*** Opening of INPUT ***
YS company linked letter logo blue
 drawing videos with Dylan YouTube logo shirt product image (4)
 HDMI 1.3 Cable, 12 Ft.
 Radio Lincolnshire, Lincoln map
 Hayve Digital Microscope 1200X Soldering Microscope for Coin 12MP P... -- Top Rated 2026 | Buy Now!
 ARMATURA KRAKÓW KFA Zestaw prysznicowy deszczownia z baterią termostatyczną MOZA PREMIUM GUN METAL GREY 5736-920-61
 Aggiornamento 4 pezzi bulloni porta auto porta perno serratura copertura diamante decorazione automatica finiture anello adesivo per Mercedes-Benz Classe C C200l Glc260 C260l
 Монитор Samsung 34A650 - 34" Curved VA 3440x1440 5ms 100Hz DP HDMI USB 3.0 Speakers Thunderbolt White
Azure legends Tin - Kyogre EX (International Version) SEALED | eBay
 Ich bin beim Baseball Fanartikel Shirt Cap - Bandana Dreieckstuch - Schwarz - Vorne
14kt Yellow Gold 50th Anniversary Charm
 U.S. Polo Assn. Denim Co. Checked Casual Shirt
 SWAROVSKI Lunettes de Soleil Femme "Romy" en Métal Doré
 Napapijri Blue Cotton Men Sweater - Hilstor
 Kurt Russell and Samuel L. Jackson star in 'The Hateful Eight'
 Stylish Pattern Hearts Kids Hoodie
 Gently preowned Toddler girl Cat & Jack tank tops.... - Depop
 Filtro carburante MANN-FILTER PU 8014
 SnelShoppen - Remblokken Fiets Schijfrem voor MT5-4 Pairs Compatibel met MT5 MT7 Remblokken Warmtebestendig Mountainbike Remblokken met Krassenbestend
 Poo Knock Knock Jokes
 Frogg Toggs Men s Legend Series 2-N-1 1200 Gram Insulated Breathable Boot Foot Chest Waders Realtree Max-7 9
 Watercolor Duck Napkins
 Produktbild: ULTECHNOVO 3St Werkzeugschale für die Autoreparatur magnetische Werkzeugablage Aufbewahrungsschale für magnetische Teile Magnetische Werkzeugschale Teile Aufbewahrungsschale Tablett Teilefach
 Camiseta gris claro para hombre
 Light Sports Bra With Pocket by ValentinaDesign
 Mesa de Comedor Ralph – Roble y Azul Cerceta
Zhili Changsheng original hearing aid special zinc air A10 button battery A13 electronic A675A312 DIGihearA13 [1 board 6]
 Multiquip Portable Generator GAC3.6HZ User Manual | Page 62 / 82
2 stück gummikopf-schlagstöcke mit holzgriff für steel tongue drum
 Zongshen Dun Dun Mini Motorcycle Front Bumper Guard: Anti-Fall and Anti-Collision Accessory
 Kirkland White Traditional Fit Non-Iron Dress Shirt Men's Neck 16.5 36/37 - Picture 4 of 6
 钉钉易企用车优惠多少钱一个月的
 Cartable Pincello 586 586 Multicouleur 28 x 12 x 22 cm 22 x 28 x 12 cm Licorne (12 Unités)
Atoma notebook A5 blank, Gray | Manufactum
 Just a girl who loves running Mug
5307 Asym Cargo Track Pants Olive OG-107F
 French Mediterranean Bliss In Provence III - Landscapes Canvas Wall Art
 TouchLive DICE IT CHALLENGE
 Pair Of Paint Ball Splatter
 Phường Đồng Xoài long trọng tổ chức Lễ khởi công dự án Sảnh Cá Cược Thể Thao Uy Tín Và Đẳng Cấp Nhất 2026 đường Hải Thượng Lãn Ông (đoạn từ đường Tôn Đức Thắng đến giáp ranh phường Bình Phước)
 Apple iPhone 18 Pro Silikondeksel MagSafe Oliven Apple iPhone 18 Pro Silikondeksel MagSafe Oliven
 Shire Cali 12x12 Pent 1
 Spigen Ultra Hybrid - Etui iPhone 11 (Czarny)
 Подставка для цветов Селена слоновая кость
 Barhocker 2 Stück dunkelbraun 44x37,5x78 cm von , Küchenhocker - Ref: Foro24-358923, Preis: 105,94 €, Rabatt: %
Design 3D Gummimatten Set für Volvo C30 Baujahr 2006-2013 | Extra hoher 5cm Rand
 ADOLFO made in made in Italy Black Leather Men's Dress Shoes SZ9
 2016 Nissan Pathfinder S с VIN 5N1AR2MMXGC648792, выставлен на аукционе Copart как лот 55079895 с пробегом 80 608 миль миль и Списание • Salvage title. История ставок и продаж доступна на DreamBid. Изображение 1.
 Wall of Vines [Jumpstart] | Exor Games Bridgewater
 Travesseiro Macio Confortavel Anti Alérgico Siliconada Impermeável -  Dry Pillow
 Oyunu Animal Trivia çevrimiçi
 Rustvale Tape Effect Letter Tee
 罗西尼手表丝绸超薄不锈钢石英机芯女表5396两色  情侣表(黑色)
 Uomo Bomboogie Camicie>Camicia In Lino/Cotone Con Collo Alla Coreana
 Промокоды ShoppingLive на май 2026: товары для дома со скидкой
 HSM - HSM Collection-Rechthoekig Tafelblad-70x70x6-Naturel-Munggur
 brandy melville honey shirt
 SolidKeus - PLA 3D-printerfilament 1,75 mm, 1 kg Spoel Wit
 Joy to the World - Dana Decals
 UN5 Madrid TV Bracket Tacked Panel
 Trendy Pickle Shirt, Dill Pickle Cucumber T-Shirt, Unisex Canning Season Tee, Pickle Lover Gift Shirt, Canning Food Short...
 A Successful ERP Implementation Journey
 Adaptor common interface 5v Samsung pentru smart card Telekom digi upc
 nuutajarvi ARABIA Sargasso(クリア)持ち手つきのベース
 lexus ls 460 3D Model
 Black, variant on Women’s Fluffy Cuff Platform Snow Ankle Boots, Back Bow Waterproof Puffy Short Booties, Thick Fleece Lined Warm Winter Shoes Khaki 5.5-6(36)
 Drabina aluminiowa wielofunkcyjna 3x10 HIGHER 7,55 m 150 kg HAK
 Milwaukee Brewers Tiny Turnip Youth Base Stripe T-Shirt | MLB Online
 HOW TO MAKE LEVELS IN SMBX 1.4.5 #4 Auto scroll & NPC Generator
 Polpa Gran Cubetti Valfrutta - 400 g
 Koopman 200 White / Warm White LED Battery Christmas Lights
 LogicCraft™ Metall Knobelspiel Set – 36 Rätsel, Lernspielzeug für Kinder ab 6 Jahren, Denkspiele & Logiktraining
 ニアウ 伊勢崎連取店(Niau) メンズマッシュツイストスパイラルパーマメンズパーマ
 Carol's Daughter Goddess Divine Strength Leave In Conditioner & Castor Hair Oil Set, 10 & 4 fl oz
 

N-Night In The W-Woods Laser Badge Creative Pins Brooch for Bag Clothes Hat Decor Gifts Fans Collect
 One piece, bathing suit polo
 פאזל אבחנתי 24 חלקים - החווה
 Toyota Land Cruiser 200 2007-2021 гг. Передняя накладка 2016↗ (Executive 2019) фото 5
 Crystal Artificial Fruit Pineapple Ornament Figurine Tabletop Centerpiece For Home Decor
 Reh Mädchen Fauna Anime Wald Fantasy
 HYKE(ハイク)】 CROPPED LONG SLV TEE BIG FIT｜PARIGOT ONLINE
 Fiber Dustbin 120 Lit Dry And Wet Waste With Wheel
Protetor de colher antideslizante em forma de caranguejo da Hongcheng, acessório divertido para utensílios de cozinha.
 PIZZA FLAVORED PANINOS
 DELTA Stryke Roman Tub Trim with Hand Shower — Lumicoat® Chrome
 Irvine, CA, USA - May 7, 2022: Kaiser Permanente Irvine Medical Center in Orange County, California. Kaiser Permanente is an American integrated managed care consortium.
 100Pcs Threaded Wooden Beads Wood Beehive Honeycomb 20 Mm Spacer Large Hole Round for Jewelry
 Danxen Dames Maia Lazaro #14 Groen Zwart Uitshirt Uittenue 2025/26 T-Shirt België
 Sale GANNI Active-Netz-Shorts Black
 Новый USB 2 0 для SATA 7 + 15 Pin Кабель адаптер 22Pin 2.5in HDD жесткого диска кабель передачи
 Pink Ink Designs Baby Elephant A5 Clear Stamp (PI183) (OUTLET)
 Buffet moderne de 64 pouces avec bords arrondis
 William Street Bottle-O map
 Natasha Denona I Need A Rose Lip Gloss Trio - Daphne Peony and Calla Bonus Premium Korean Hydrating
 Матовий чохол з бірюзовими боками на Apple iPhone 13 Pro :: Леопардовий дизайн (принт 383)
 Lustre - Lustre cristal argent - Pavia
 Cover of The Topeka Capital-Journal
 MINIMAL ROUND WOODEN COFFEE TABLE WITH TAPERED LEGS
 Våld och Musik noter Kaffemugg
*** Close of INPUT ***
Identify the lines in the entries that hold "iPhone" and return each one.

 Apple iPhone 18 Pro Silikondeksel MagSafe Oliven Apple iPhone 18 Pro Silikondeksel MagSafe Oliven
 Spigen Ultra Hybrid - Etui iPhone 11 (Czarny)
 Матовий чохол з бірюзовими боками на Apple iPhone 13 Pro :: Леопардовий дизайн (принт 383)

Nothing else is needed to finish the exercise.